The above experiment results show that there is a minimal or no relationship at all between the urban expansion and the PM₁₀ concentrations rate in Daegu, which means that the urban expansion that occurred in Daegu from 2007 to 2017 was not the main cause of the rise in the PM₁₀ concentration rate in Daegu, South Korea during the same period. We assume that, however, the types of facilities and climate factors can influence on the annual PM₁₀ concentrations.

5. Conclusions and Future Works

In this research, an experiment was performed to assess the relationship between the urban expansion and the PM₁₀ concentration rate in Daegu from 2007 to 2017 by calculating the expanded urban areas and the annual PM₁₀ concentration changes in each AQMS, each year and each season.
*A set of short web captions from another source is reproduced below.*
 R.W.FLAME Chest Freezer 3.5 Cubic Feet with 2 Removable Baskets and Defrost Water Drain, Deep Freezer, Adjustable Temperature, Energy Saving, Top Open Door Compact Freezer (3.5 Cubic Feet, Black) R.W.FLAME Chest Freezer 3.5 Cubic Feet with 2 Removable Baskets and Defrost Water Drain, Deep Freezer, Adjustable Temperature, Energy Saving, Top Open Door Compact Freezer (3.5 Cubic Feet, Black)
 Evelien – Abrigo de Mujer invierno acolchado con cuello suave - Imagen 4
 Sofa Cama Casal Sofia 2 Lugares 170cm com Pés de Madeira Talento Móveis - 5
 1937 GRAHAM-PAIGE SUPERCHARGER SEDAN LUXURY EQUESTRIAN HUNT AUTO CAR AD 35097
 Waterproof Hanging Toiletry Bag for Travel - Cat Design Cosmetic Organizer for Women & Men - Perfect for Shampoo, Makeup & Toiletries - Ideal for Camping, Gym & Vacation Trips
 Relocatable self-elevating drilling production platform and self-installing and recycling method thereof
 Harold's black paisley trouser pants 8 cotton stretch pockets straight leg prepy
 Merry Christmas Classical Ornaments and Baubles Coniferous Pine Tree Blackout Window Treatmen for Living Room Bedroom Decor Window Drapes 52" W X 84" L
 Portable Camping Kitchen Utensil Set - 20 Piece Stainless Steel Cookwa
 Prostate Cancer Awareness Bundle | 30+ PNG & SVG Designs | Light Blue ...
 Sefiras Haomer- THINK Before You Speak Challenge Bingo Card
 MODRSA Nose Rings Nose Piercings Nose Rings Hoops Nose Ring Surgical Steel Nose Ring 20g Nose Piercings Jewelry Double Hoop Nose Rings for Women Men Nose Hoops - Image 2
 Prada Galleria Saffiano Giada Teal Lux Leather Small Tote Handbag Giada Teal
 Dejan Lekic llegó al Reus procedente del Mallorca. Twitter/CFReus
The experiment results showed that there is a minimal or no relationship at all between the urban expansion that occurred in Daegu from 2007 to 2017 and the rise in the PM₁₀ concentration rate in the same city during the same period because the urban areas significantly expanded but the annual PM₁₀ concentrations sharply decreased.

This research proved that the urban expansion that occurred in Daegu from 2007 to 2017 was not the main cause of the rise in the PM₁₀ concentration rate in Daegu during the same period. This research, however, also suggested that the other factors, such as types of facilities or climate factors, can be significant for the annual PM₁₀ concentrations. To protect the public health, it is necessary to identify the main causes of PM₁₀ concentrations, hence, further research, will be carried out to identify the main causes (e.g., the climate factors and the type of facilities) of PM₁₀ concentrations in general. In addition, research will be conducted to identify the main cause of PM_2.5 concentrations that also causing serious air pollution problems.